The Steamboat Springs City Council meets Tuesday night to look primarily at two finalists for the annual revenues of more than $600,000 generated by visitors to Steamboat who stay in guest accommodations. One is a proposal to build pedestrian and parks improvements on Yampa Street and another would build multi-use trails. Both have merit.
Council is scheduled to hear presentations Tuesday on the prospects for using the tax revenues to back bond issues that might be used to fund the capital projects. Council also is expected hear about scenarios that might evolve if council chooses to split the money between two or more projects.
We editorialized in April 2012 in favor of devoting all of the lodging tax revenues to a single cause in order to achieve the maximum favorable benefit for enhancing tourism in Steamboat Springs. We also editorialized this year in favor of accepting the advisory committee’s recommendation of devoting 90 percent of the funds to the trails proposal. And we continue to adhere to those positions.
However, we also think the residents of Steamboat Springs, as well as all of Routt County and our guests, can’t lose when it comes to the lodging tax. Either proposal would yield benefits.
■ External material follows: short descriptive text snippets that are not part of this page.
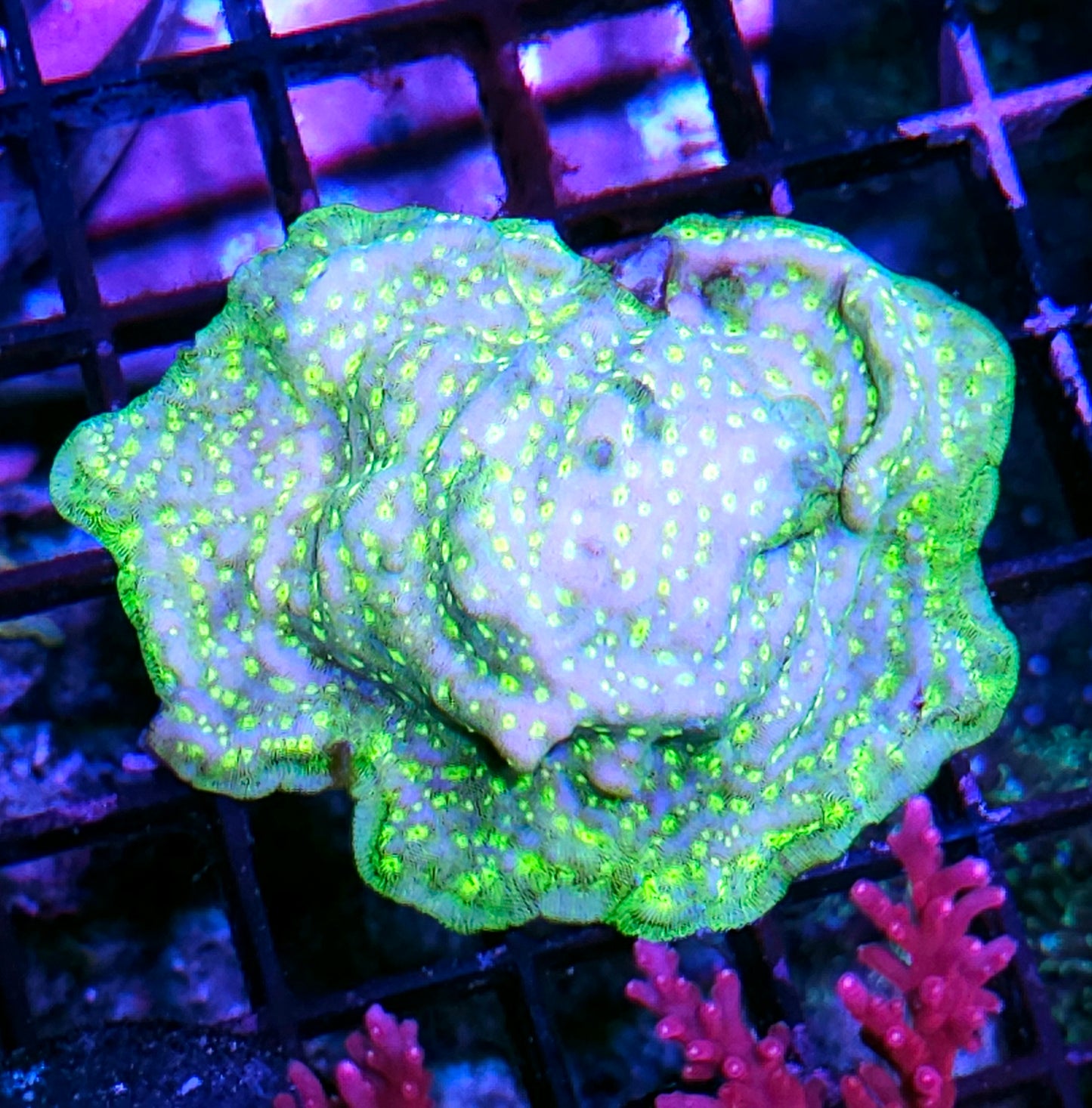 Acid Rain Leptosersis Colony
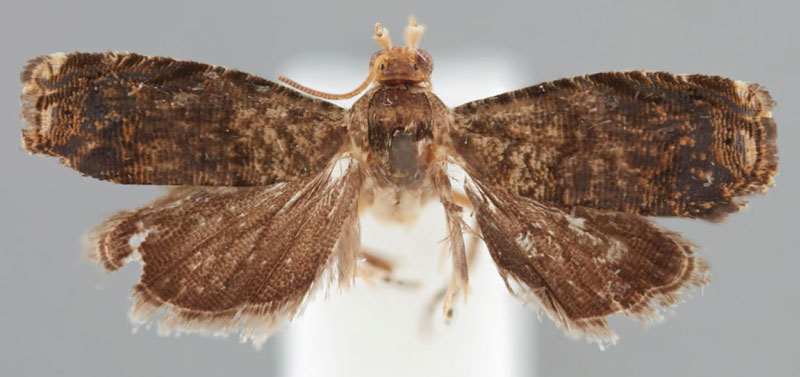 /filer/webapps/moths/media/images/C/chlorobathra_Eucosma_PTF_BMNH.jpg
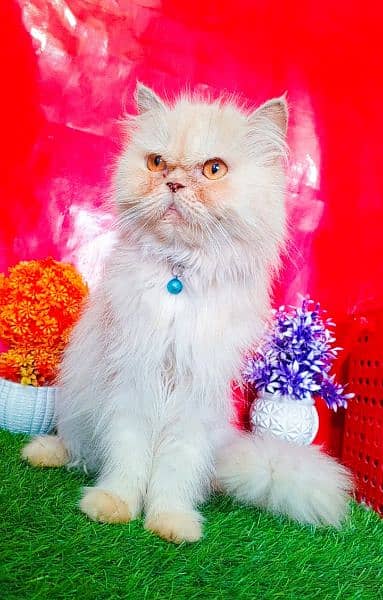 Extreme Punch Face Persian Female Cat 2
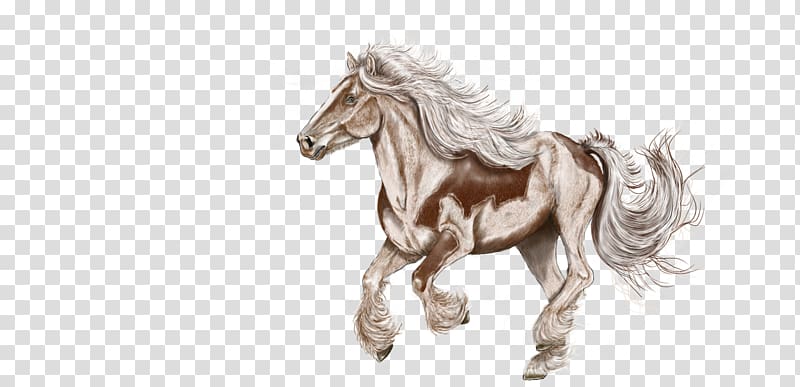 Mustang Shetland pony American Paint Horse Stallion, watercolor horse transparent background PNG clipart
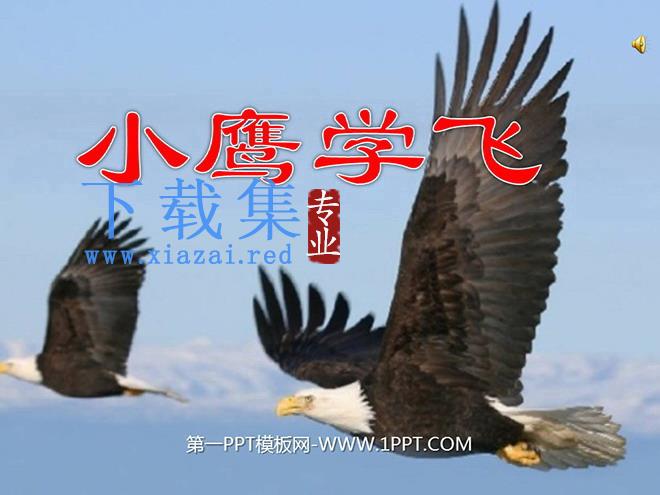 《小鹰学飞》PPT课件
This community has a lengthy track record of using lodging tax funds to build an exceptional municipal golf course, a singular tennis facility and to create the original home for a music festival that has grown beyond anyone’s expectations. So we have confidence in the process.
What we are most intent on this week, after more than a year of debate and sustained efforts by well-intentioned community groups, is the need to make a firm decision, set a course and begin the next phase of this process.
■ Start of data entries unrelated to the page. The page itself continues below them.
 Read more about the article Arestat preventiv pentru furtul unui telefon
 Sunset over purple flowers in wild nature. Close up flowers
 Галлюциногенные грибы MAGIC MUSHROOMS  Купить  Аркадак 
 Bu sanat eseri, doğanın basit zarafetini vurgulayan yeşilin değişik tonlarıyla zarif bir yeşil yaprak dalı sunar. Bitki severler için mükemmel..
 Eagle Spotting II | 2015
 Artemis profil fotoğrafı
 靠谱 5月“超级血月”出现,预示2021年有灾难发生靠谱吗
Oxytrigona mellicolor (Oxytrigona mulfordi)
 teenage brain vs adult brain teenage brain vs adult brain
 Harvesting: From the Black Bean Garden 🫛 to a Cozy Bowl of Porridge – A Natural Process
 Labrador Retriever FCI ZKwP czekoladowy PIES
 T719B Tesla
We don’t think City Council needs to kick the question back to its advisory committee for further study. It’s turned in its recommendation. Now it’s time to accept or reject that recommendation, thank the committee members for their selfless work and release them from their charge.
As well, the other community organizations that hold out hope of carving out a slice of the lodging tax pie should be allowed to reach closure, one way or the other. They need to move on with their goals with or without the help of the lodging tax.
It could be as simple as the two council members who have stated their full support for the 90 percent trails proposal putting a motion and a second on the table. There will be only six members of the seven-member council voting Tuesday after Sonja Macys stepped down.
If the motion passes, or if it fails, we all can cut to the chase. However, a 3-3 vote could make for an interesting Tuesday night.
Whatever the case, let’s get on with it.